Perché così tanto consenso? Una domanda che abbiamo girato al coordinatore del gruppo Edo Bobbià: «Sono anch’io sorpreso. Dal momento che abbiamo fatto sapere del gruppo sono arrivate 1’200 adesioni spontanee, senza contare le oltre 400 registrate dalla nostra pagina Facebook. Questo a significare che il Cardiocentro non è paragonabile a nessun altro ospedale!». Nessuna dichiarazione di guerra però: «Non abbiamo alcuna intenzione cattiva o polemica nei confronti dell’Ente ospedaliero cantonale. Ci siamo costituiti unicamente per dire: guardate che avete a che fare con un ospedale... un po’ particolare. Noi non vorremmo, infatti, che l’eccellenza sia imbrigliata in strutture e organizzazioni gestite non dalla curiosità scientifica ma da altri parametri. Il Cardiocentro, per poter arrivare a questi obiettivi, deve potersi muovere molto liberamente, anche per le decisioni di investimento».
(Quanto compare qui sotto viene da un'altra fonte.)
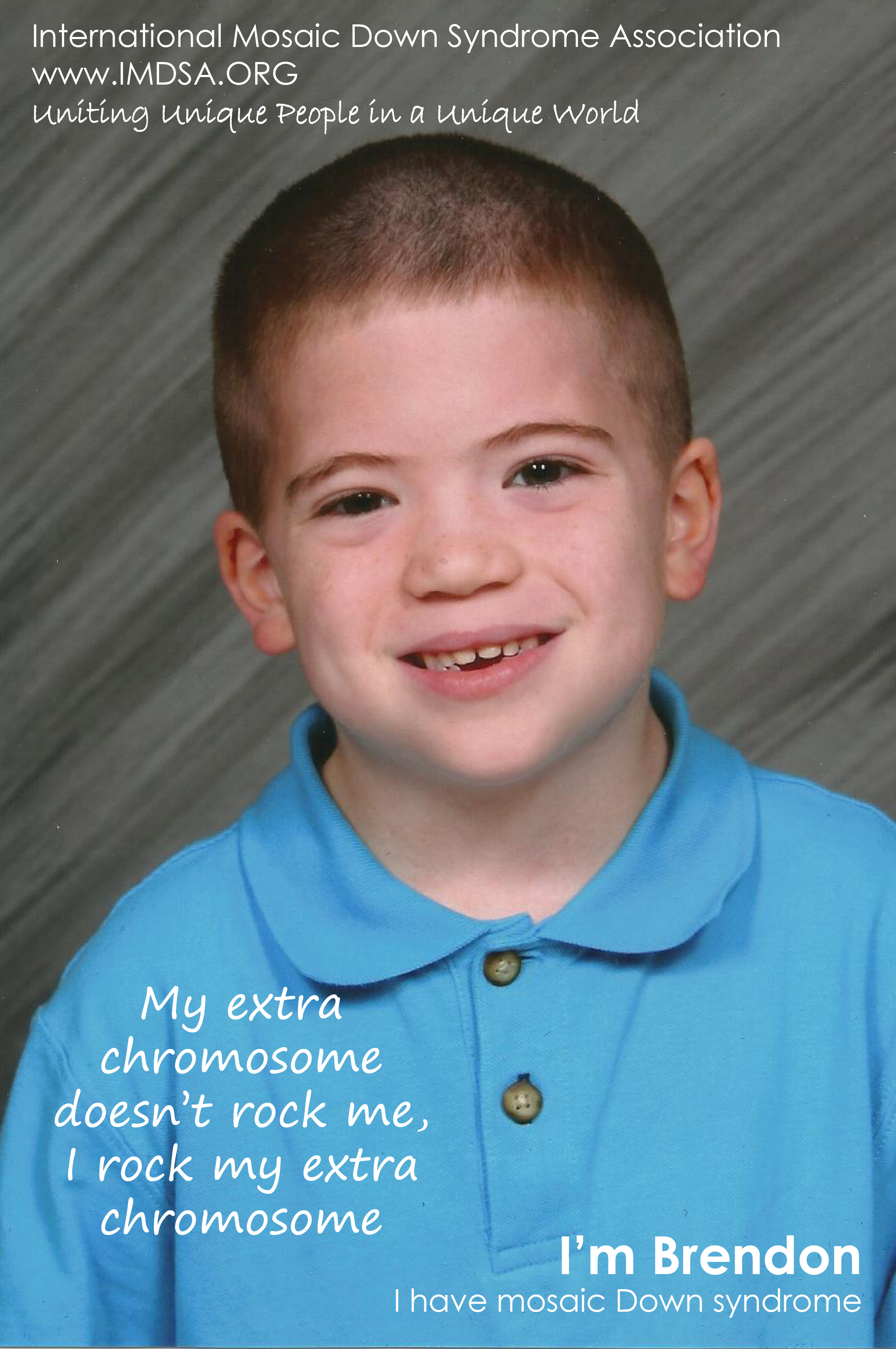 mosaic down syndrome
Salvaguardare l’eccellenza
Una grande adesione riscontrata che il gruppo giustifica come «l’eccellente lavoro svolto dal Cardiocentro. Certo si muore ancora di cuore – non nasconde le statistiche Bobbià – ma il fatto che lo scorso anno 3’000 pazienti e 10’500 ambulanti hanno fatto capo al Cardiocentro dimostra che abbiamo sul nostro territorio una struttura di tale eccellenza che permette alla popolazione ticinese tutta di avere una certa tranquillità anche psicologica».
A scontentare nel vicino futuro soprattutto una modalità: «Vorremmo – evidenzia il coordinatore – che si evitasse un approccio verticistico. Noi temiamo un po’ l’approccio statalista che potrebbe nascondere qualche insidia per il futuro del Cardiocentro. Anch’io ero in Gran Consiglio quando è stato sottoscritto questo contratto ed è stato tutt’altro che facile, Sottoceneri contro Sopraceneri... Nessuno credeva nel dottor Tiziano Moccetti tanto meno nella capacità del Cardiocentro di arrivare ad aver successo. Sono stati tutti smentiti. Non diciamo che oggi non si debba osservare i contratti, ci mancherebbe, però prevedere un’integrazione, una possibilità di trovare delle formule che non sminuiscano questa capacità interna del Cardiocentro rispetto a un appiattimento che di solito è conseguente all’ente pubblico, all’ente sociale».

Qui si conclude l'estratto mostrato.